### YOUR GOAL
Keeping pictures out of the copy, restate each record word for word.

◇ ◇ ◇ ◇ ◇ ◇ ◇

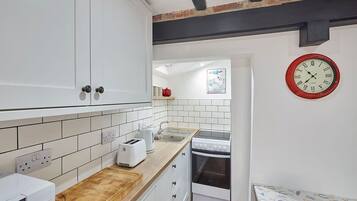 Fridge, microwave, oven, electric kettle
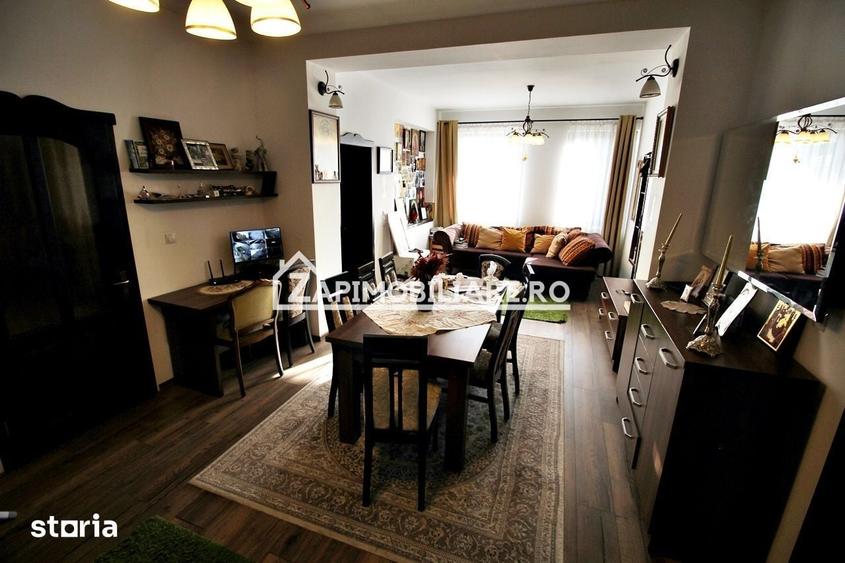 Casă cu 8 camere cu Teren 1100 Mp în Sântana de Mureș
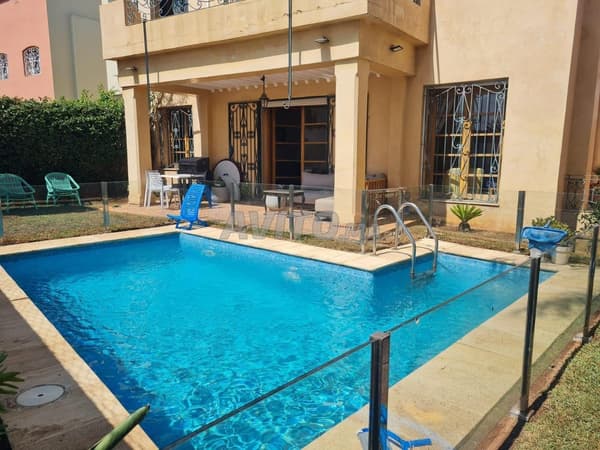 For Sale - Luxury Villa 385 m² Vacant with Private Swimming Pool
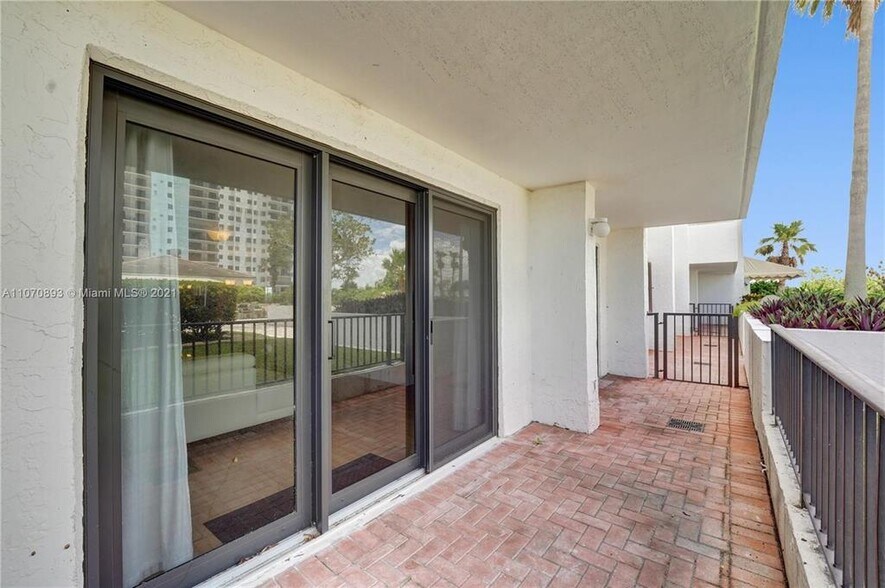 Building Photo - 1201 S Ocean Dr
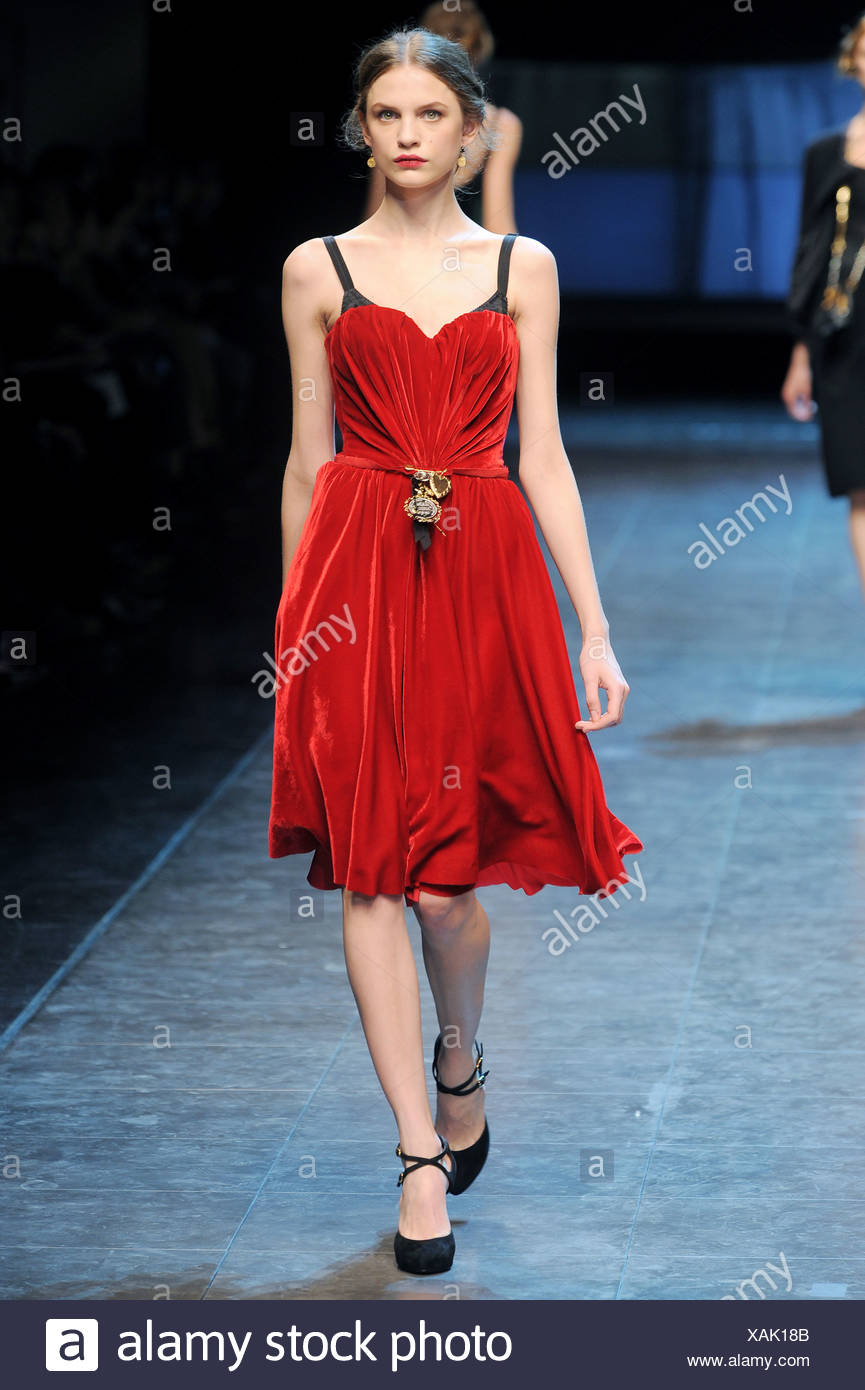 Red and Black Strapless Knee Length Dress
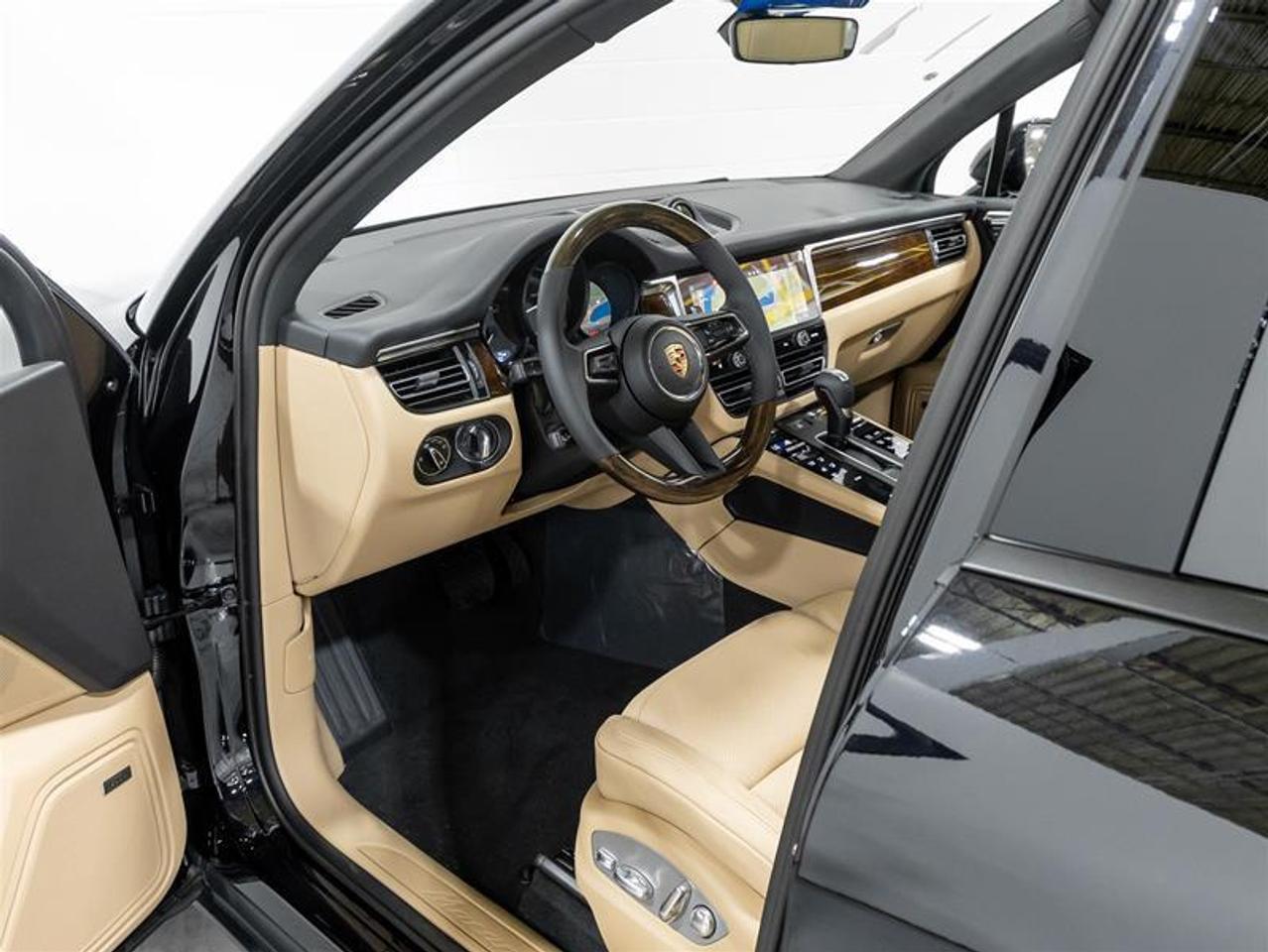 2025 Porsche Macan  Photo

◇ ◇ ◇ ◇ ◇ ◇ ◇

### EXERCISE RESPONSE
 Fridge, microwave, oven, electric kettle
 Casă cu 8 camere cu Teren 1100 Mp în Sântana de Mureș
 For Sale - Luxury Villa 385 m² Vacant with Private Swimming Pool
 Building Photo - 1201 S Ocean Dr
 Red and Black Strapless Knee Length Dress
 2025 Porsche Macan  Photo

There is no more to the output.